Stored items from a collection
<<<<
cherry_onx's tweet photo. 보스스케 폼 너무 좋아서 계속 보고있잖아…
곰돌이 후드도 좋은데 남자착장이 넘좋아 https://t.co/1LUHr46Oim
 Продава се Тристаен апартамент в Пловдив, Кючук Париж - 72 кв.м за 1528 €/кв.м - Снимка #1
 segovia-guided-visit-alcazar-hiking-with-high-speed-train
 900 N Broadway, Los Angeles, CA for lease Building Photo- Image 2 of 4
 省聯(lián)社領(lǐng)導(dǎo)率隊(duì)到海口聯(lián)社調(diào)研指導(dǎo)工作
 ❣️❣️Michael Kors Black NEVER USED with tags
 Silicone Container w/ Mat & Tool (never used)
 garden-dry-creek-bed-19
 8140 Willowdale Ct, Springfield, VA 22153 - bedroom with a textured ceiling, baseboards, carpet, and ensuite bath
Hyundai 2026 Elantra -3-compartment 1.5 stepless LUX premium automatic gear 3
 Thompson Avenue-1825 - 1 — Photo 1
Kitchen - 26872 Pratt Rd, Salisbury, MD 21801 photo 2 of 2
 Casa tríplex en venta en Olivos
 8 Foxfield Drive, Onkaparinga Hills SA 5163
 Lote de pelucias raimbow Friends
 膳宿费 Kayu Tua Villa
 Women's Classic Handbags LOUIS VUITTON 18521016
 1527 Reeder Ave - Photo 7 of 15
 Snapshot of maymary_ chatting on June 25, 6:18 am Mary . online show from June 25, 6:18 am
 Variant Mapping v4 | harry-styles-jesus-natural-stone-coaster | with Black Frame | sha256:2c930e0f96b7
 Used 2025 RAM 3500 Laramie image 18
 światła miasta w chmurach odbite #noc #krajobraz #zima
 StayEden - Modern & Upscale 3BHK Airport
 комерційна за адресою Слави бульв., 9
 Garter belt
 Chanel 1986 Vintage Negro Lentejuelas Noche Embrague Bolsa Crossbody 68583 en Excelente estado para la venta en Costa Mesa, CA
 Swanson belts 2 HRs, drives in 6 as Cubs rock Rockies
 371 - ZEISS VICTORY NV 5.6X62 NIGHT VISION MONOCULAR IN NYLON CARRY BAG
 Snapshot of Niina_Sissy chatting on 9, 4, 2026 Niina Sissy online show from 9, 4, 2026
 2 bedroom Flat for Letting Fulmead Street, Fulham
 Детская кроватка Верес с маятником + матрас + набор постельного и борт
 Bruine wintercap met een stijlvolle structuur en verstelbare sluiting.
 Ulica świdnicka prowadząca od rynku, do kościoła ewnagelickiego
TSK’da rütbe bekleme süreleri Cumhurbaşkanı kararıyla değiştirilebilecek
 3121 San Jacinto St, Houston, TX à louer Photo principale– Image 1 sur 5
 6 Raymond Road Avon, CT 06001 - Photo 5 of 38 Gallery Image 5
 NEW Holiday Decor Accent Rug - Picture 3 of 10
>>>>
TASK ITEM: Transcribe the data above in full, keeping every word as it is.

ANSWER TO THE EXERCISE:
cherry_onx's tweet photo. 보스스케 폼 너무 좋아서 계속 보고있잖아…
곰돌이 후드도 좋은데 남자착장이 넘좋아 https://t.co/1LUHr46Oim
 Продава се Тристаен апартамент в Пловдив, Кючук Париж - 72 кв.м за 1528 €/кв.м - Снимка #1
 segovia-guided-visit-alcazar-hiking-with-high-speed-train
 900 N Broadway, Los Angeles, CA for lease Building Photo- Image 2 of 4
 省聯(lián)社領(lǐng)導(dǎo)率隊(duì)到海口聯(lián)社調(diào)研指導(dǎo)工作
 ❣️❣️Michael Kors Black NEVER USED with tags
 Silicone Container w/ Mat & Tool (never used)
 garden-dry-creek-bed-19
 8140 Willowdale Ct, Springfield, VA 22153 - bedroom with a textured ceiling, baseboards, carpet, and ensuite bath
Hyundai 2026 Elantra -3-compartment 1.5 stepless LUX premium automatic gear 3
 Thompson Avenue-1825 - 1 — Photo 1
Kitchen - 26872 Pratt Rd, Salisbury, MD 21801 photo 2 of 2
 Casa tríplex en venta en Olivos
 8 Foxfield Drive, Onkaparinga Hills SA 5163
 Lote de pelucias raimbow Friends
 膳宿费 Kayu Tua Villa
 Women's Classic Handbags LOUIS VUITTON 18521016
 1527 Reeder Ave - Photo 7 of 15
 Snapshot of maymary_ chatting on June 25, 6:18 am Mary . online show from June 25, 6:18 am
 Variant Mapping v4 | harry-styles-jesus-natural-stone-coaster | with Black Frame | sha256:2c930e0f96b7
 Used 2025 RAM 3500 Laramie image 18
 światła miasta w chmurach odbite #noc #krajobraz #zima
 StayEden - Modern & Upscale 3BHK Airport
 комерційна за адресою Слави бульв., 9
 Garter belt
 Chanel 1986 Vintage Negro Lentejuelas Noche Embrague Bolsa Crossbody 68583 en Excelente estado para la venta en Costa Mesa, CA
 Swanson belts 2 HRs, drives in 6 as Cubs rock Rockies
 371 - ZEISS VICTORY NV 5.6X62 NIGHT VISION MONOCULAR IN NYLON CARRY BAG
 Snapshot of Niina_Sissy chatting on 9, 4, 2026 Niina Sissy online show from 9, 4, 2026
 2 bedroom Flat for Letting Fulmead Street, Fulham
 Детская кроватка Верес с маятником + матрас + набор постельного и борт
 Bruine wintercap met een stijlvolle structuur en verstelbare sluiting.
 Ulica świdnicka prowadząca od rynku, do kościoła ewnagelickiego
TSK’da rütbe bekleme süreleri Cumhurbaşkanı kararıyla değiştirilebilecek
 3121 San Jacinto St, Houston, TX à louer Photo principale– Image 1 sur 5
 6 Raymond Road Avon, CT 06001 - Photo 5 of 38 Gallery Image 5
 NEW Holiday Decor Accent Rug - Picture 3 of 10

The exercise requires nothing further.